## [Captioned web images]
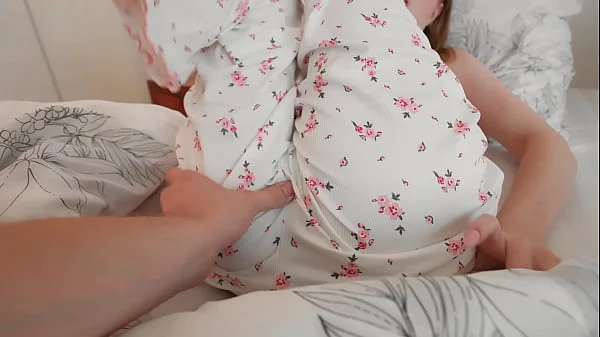 Please Stepbro Don't Tell Our StepParents About My Tattoo! Made a CreamPie in Stepsis Tight Pussy!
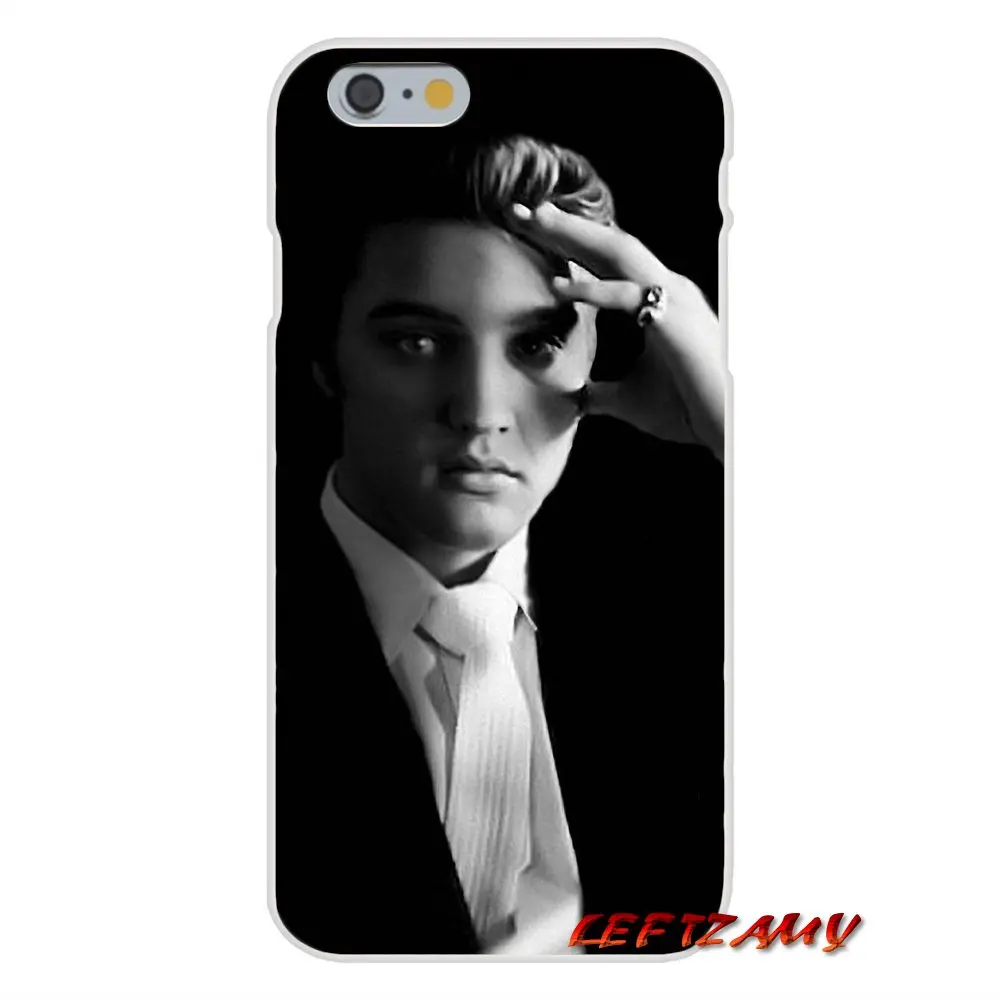 Аксессуары чехлы для телефонов Чехлы Elvis Presley Kiss iPhone X XR XS MAX 4 4S 5 5S 5C SE 6 6S 7 8 Plus ipod touch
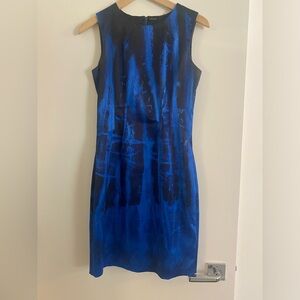 Ellie tahari dress - so faltering on. Wore it for work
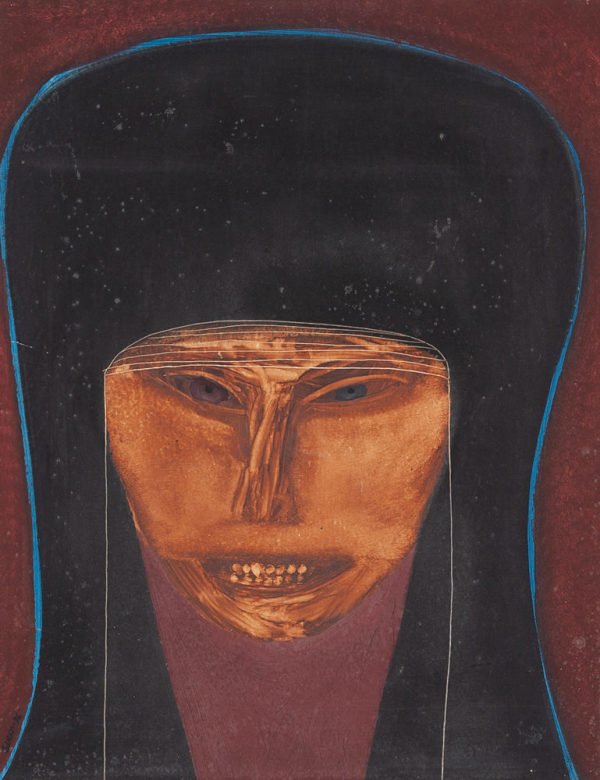 Madona, 1976 by Siron Franco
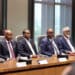 Somali Future Council leaders meeting as the opposition bloc presses AUSSOM troop contributors in Kampala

## [Work to complete]
When you copy the records above, keep every word exact and drop the pictures.

## [Answer to the exercise]
 Please Stepbro Don't Tell Our StepParents About My Tattoo! Made a CreamPie in Stepsis Tight Pussy!
 Аксессуары чехлы для телефонов Чехлы Elvis Presley Kiss iPhone X XR XS MAX 4 4S 5 5S 5C SE 6 6S 7 8 Plus ipod touch
 Ellie tahari dress - so faltering on. Wore it for work
 Madona, 1976 by Siron Franco
 Somali Future Council leaders meeting as the opposition bloc presses AUSSOM troop contributors in Kampala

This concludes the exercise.